_WHAT YOU HAVE TO DO_: Your answer should consist only of the lines below from the one with "Рис работников - Стоковые" through the one with "Dua Terduga Pelaku", copied exactly.

-- RECORD EXTRACTS follows --

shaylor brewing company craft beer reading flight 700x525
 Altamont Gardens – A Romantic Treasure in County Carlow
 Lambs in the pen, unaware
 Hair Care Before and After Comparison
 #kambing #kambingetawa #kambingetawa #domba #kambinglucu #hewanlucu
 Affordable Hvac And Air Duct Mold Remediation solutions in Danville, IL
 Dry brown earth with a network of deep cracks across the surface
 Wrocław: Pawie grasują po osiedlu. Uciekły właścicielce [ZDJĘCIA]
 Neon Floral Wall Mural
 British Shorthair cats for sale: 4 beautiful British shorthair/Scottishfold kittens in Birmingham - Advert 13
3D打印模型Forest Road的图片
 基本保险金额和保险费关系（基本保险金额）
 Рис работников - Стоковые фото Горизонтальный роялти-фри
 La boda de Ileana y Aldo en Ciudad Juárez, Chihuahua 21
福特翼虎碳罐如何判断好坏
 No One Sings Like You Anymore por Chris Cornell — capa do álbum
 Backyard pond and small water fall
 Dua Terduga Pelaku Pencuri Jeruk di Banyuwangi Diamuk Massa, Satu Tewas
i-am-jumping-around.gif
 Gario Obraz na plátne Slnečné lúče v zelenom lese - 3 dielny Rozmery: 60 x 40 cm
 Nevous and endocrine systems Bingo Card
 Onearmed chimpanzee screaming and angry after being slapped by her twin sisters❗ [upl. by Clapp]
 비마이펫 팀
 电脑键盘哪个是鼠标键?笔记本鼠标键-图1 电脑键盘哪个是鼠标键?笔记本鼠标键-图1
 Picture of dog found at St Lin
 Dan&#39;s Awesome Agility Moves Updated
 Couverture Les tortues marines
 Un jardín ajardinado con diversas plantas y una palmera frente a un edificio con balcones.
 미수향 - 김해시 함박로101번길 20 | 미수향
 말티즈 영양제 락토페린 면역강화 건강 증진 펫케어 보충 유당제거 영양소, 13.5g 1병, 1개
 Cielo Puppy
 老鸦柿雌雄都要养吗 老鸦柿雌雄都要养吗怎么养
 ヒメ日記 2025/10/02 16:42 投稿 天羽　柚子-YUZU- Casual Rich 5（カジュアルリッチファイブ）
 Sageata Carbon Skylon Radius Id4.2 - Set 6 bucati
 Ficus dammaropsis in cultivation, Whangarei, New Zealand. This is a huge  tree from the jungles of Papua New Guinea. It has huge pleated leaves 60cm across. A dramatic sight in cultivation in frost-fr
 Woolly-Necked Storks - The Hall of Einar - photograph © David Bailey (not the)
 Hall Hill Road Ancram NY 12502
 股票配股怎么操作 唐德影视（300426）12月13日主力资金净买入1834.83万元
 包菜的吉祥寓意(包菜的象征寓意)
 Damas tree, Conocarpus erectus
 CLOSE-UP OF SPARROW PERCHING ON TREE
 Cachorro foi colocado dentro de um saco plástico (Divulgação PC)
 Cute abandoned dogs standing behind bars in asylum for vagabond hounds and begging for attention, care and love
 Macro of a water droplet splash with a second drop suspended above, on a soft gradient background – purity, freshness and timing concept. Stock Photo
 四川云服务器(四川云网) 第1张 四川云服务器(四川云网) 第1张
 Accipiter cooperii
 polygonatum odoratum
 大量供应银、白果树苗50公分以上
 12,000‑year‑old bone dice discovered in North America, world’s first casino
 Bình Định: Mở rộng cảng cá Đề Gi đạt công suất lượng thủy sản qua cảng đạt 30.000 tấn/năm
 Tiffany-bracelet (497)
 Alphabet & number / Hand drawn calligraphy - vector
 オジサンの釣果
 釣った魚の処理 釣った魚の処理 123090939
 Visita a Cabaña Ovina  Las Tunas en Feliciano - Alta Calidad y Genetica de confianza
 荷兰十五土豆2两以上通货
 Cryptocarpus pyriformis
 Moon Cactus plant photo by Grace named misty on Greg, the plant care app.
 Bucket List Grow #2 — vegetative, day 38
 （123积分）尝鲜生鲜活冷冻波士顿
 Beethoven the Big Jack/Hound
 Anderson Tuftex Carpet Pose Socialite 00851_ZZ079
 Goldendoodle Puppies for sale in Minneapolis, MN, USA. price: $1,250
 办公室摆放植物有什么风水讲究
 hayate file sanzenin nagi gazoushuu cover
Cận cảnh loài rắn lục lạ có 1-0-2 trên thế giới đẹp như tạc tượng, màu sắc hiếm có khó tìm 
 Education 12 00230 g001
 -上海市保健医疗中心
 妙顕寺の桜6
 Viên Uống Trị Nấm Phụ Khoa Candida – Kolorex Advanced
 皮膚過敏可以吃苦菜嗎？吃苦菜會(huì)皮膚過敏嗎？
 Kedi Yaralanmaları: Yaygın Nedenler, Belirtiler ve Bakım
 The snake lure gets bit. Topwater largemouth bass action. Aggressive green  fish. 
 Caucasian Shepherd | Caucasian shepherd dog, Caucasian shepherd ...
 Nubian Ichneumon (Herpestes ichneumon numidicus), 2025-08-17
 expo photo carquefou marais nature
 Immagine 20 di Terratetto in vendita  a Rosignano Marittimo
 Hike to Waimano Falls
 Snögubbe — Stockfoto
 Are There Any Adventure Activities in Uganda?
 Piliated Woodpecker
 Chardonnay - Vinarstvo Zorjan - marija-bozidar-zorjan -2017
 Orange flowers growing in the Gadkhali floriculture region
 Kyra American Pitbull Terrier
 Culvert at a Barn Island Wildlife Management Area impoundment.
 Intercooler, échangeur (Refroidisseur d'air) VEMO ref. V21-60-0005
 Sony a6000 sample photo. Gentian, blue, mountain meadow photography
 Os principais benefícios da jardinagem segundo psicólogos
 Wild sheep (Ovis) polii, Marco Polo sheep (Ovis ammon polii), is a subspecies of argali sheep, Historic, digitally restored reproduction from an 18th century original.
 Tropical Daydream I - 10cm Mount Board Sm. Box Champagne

-- RECORD EXTRACTS concluded --

_RESULT FOR THIS EXERCISE_:
 Рис работников - Стоковые фото Горизонтальный роялти-фри
 La boda de Ileana y Aldo en Ciudad Juárez, Chihuahua 21
福特翼虎碳罐如何判断好坏
 No One Sings Like You Anymore por Chris Cornell — capa do álbum
 Backyard pond and small water fall
 Dua Terduga Pelaku Pencuri Jeruk di Banyuwangi Diamuk Massa, Satu Tewas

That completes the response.